Exercise aim: Your task is to restate the listing word for word without the pictures.

Records shown:

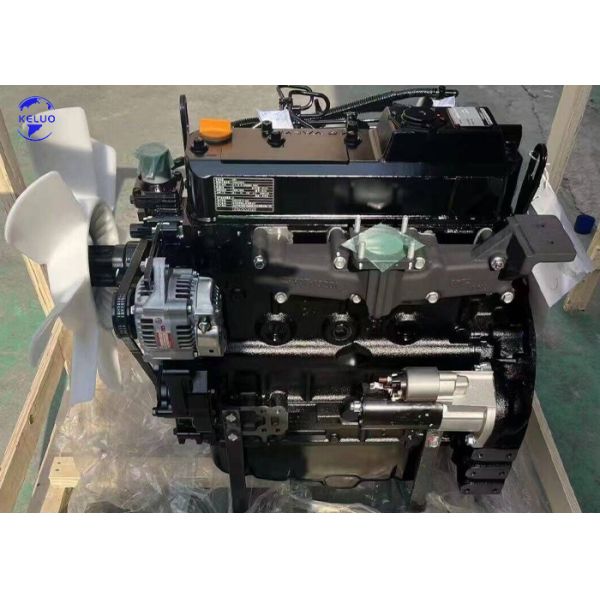 Skid steer loader 4TNV94L engine used for excavator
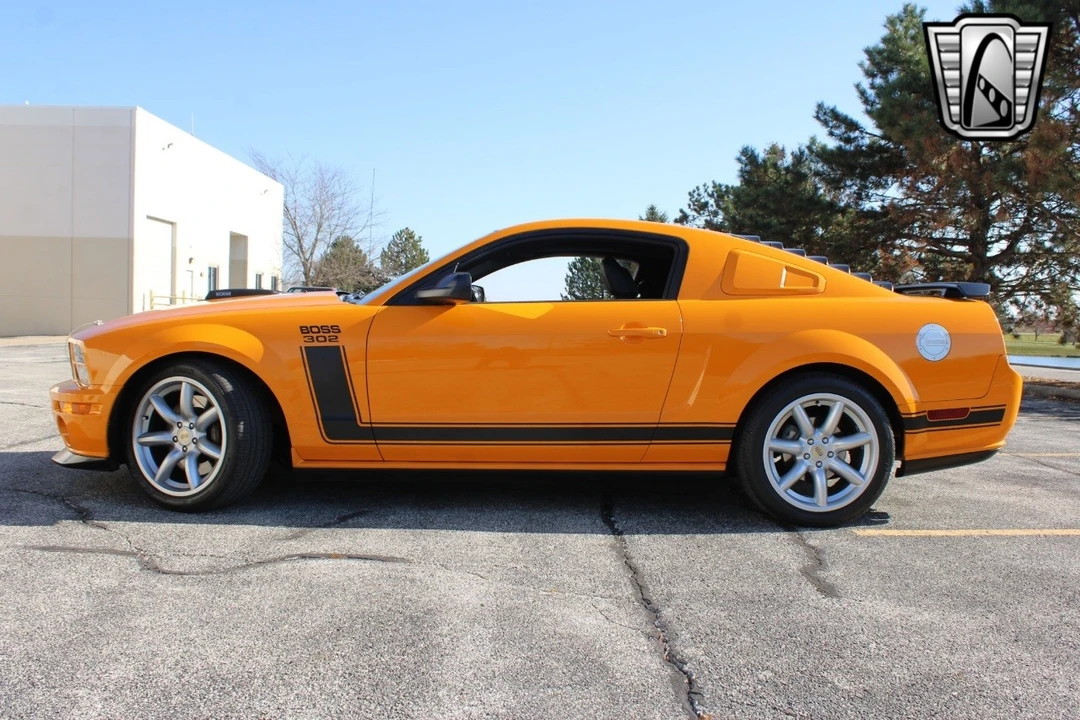 2007 Ford S197 Mustang - Image 5 of 12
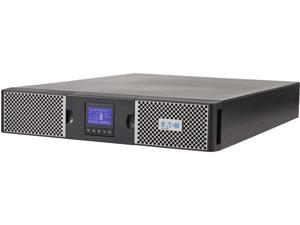 Eaton 9PX 9PX2000RTN-L Lithium ion UPS, 2U, 2000 VA, 1800W, 5-20P Input, Outputs: (6) 5-20R, (1) L5-20R, 120V, Includes Network Card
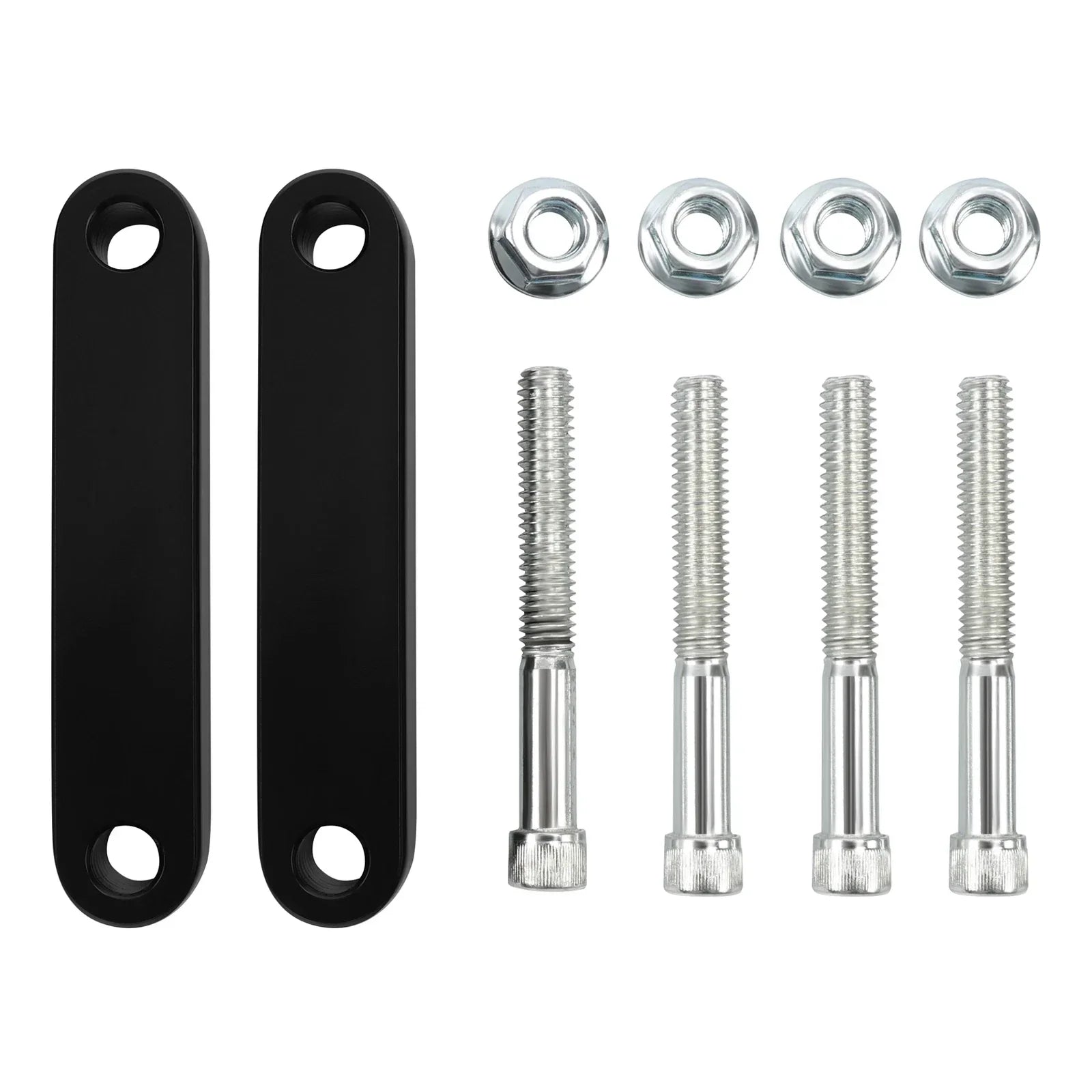 23" Wheel Front Fender Spacer Kit for Harley Street Glide (2014-2024)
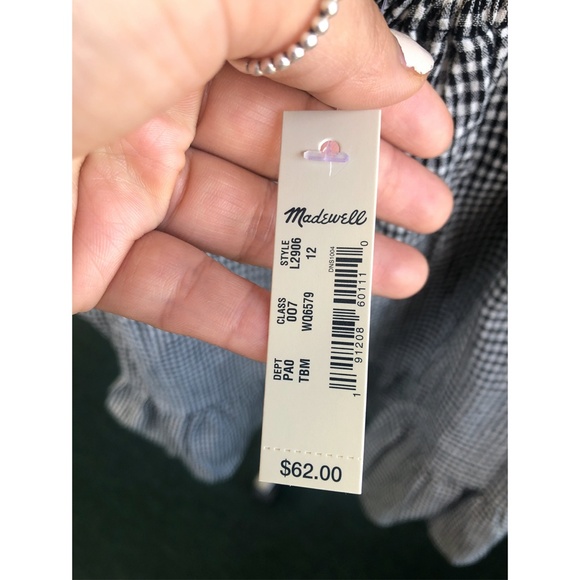 Madewell | Ruffle Cami - Picture 4 of 7
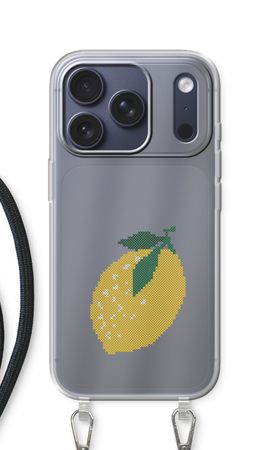 Stitched Lemon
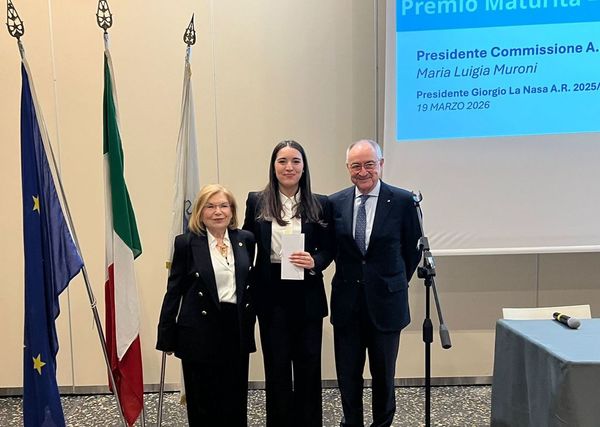 Assegnato il Premio Maturità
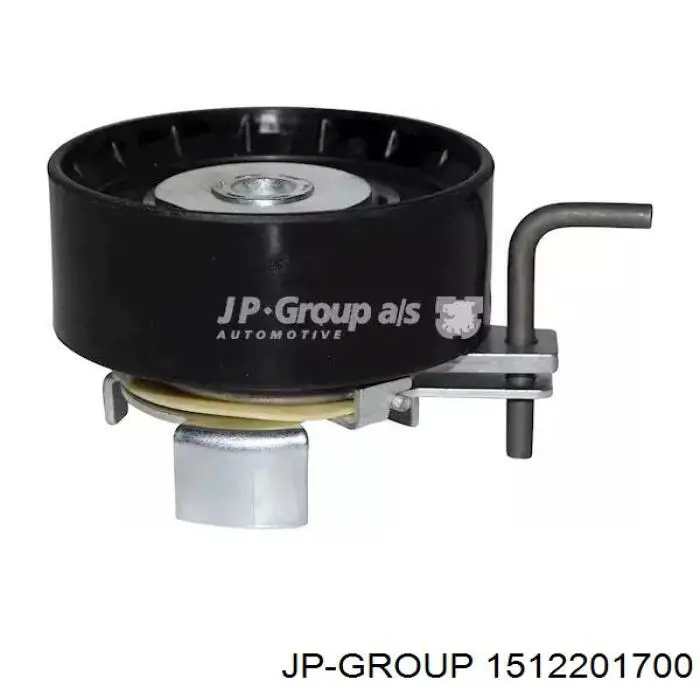 1512201700 JP Group rolo de reguladora de tensão da correia do mecanismo de distribuição de gás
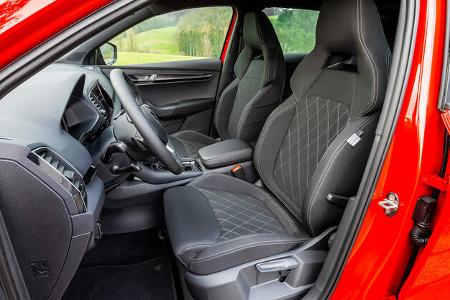 Skoda Karoq Sportline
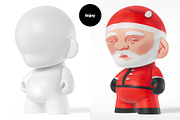 Toy Art Mock-up, a Product Mockup by Colatudo Store (Thumbnail 7 of 9)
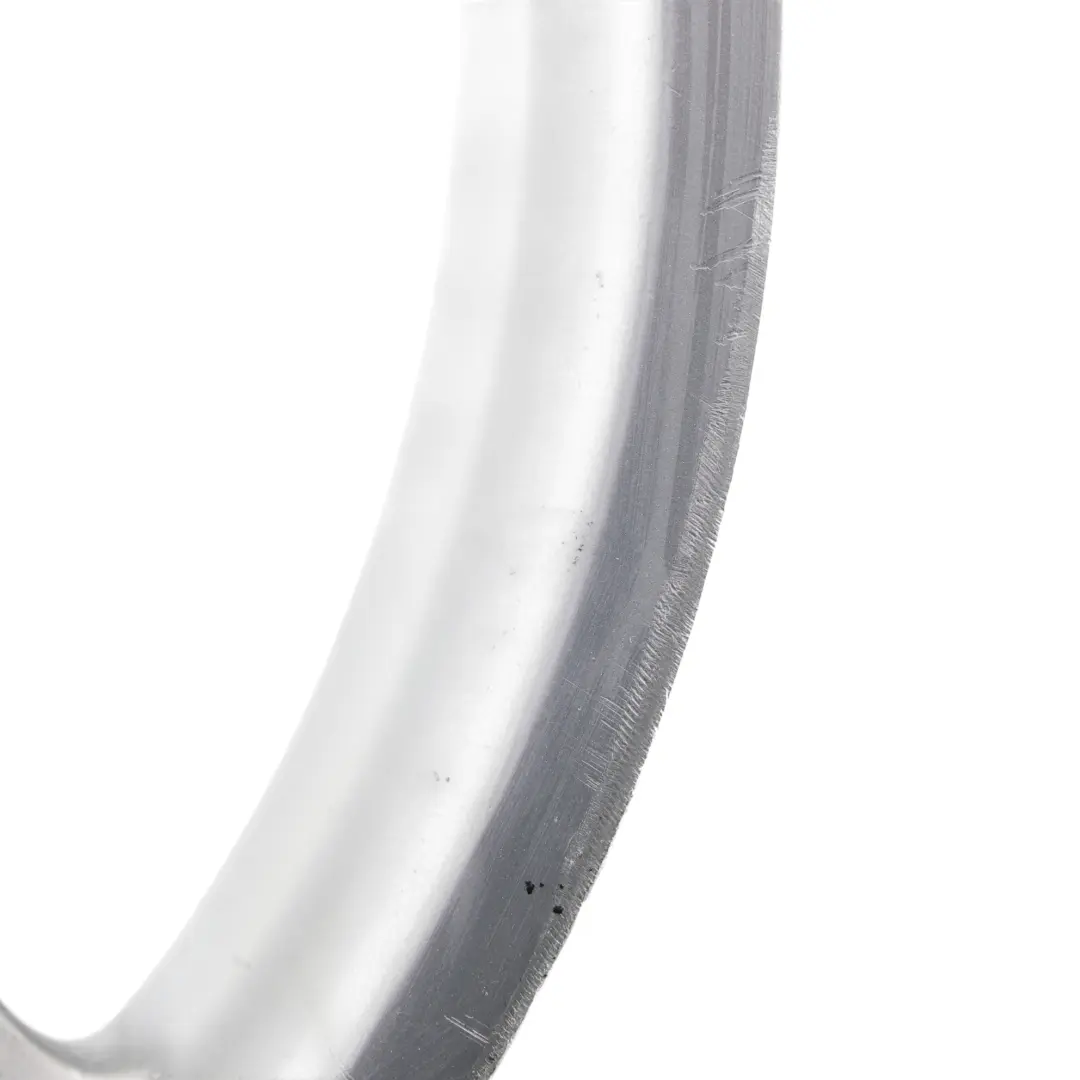 8K Silver Wheel Alloy Rim 18" ET:47 8J Star Spoke to Audi A4 B8 with Part number 8K0601025Q Audi A4 B8 8K Silver Wheel Alloy Rim 18" ET:47 8J Star Spoke - SKU 8K0601025Q-3 - Part number 8K0601025Q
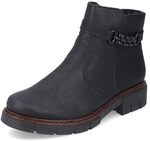 Rieker Damen Ankle Boots Z3566, Frauen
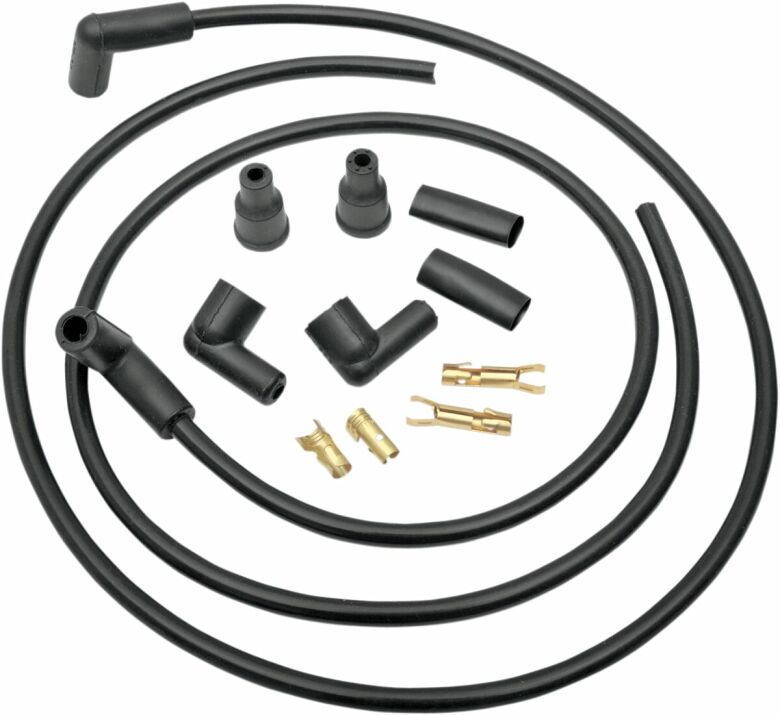 Plug Wires 8.8Mmuniv Dual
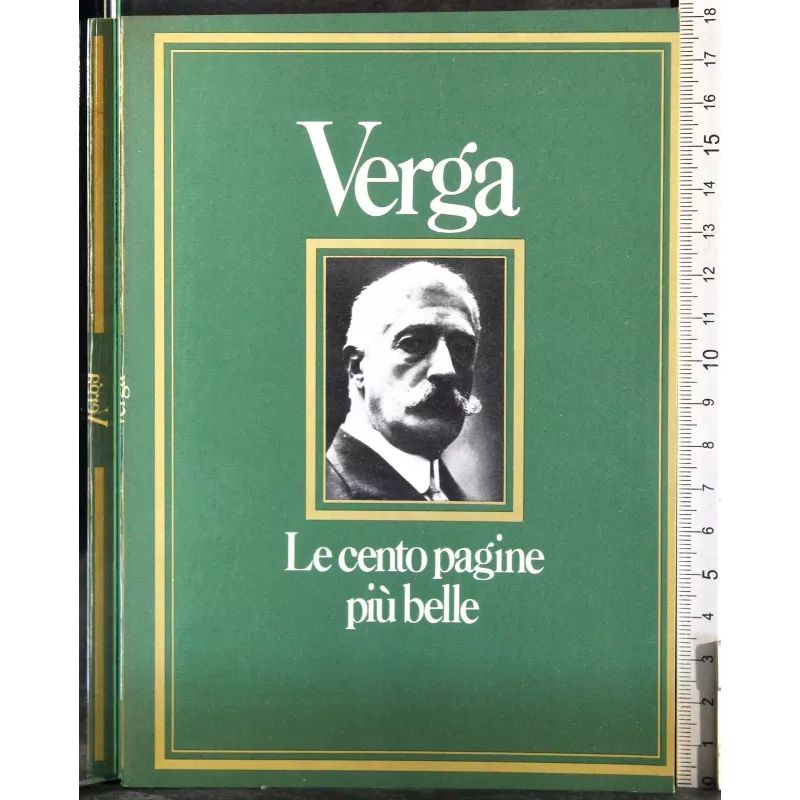 Verga. Le cento pagine più belle
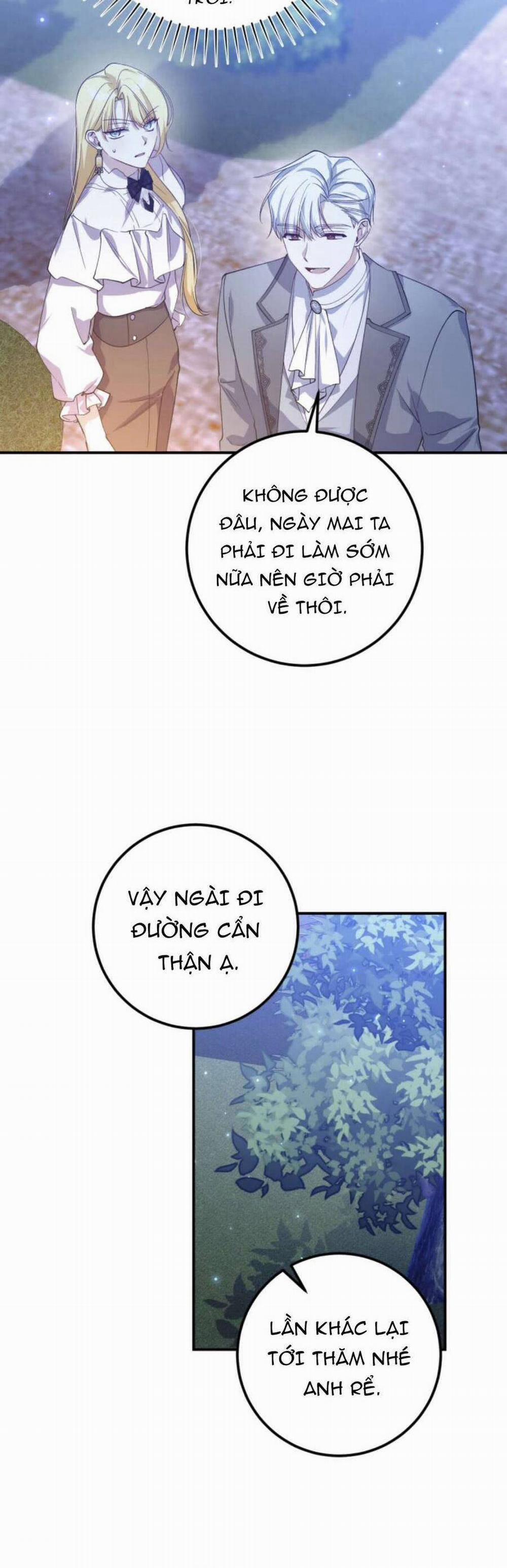 Hãy Mau Cởi Bỏ Phù Hiệu Và Kết Hôn Đi Nào 10 trang 29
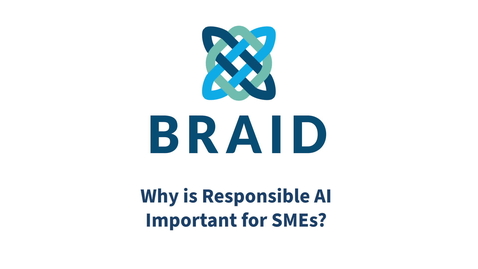Thumbnail for Why is Responsible AI important for SMEs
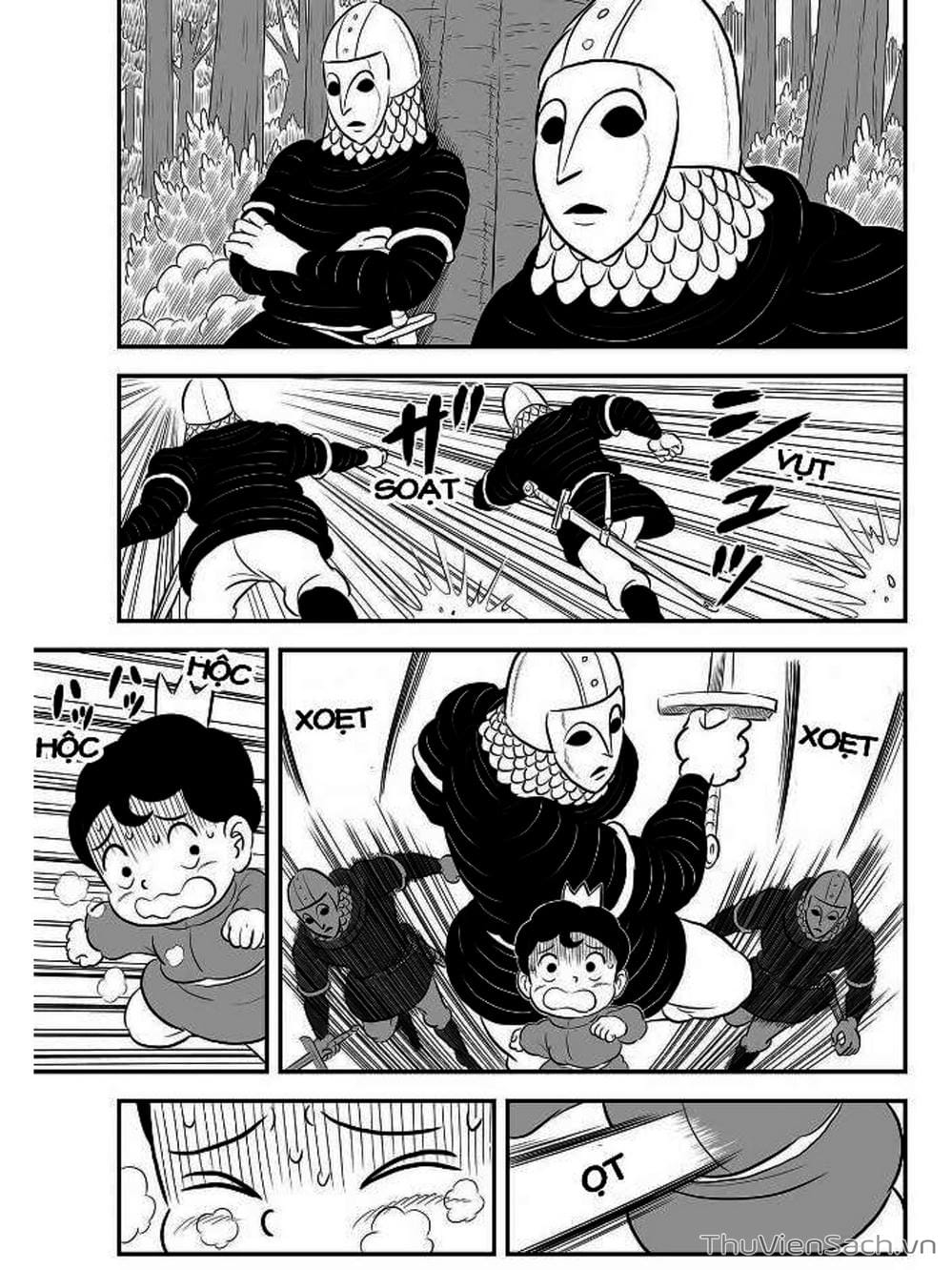 Truyện Tranh Bảng Xếp Hạng Vua - Ousama Ranking trang 6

Exercise solution:
 Skid steer loader 4TNV94L engine used for excavator
 2007 Ford S197 Mustang - Image 5 of 12
 Eaton 9PX 9PX2000RTN-L Lithium ion UPS, 2U, 2000 VA, 1800W, 5-20P Input, Outputs: (6) 5-20R, (1) L5-20R, 120V, Includes Network Card
 23" Wheel Front Fender Spacer Kit for Harley Street Glide (2014-2024)
 Madewell | Ruffle Cami - Picture 4 of 7
 Stitched Lemon
 Assegnato il Premio Maturità
 1512201700 JP Group rolo de reguladora de tensão da correia do mecanismo de distribuição de gás
 Skoda Karoq Sportline
 Toy Art Mock-up, a Product Mockup by Colatudo Store (Thumbnail 7 of 9)
 8K Silver Wheel Alloy Rim 18" ET:47 8J Star Spoke to Audi A4 B8 with Part number 8K0601025Q Audi A4 B8 8K Silver Wheel Alloy Rim 18" ET:47 8J Star Spoke - SKU 8K0601025Q-3 - Part number 8K0601025Q
 Rieker Damen Ankle Boots Z3566, Frauen
 Plug Wires 8.8Mmuniv Dual
 Verga. Le cento pagine più belle
 Hãy Mau Cởi Bỏ Phù Hiệu Và Kết Hôn Đi Nào 10 trang 29
Thumbnail for Why is Responsible AI important for SMEs
 Truyện Tranh Bảng Xếp Hạng Vua - Ousama Ranking trang 6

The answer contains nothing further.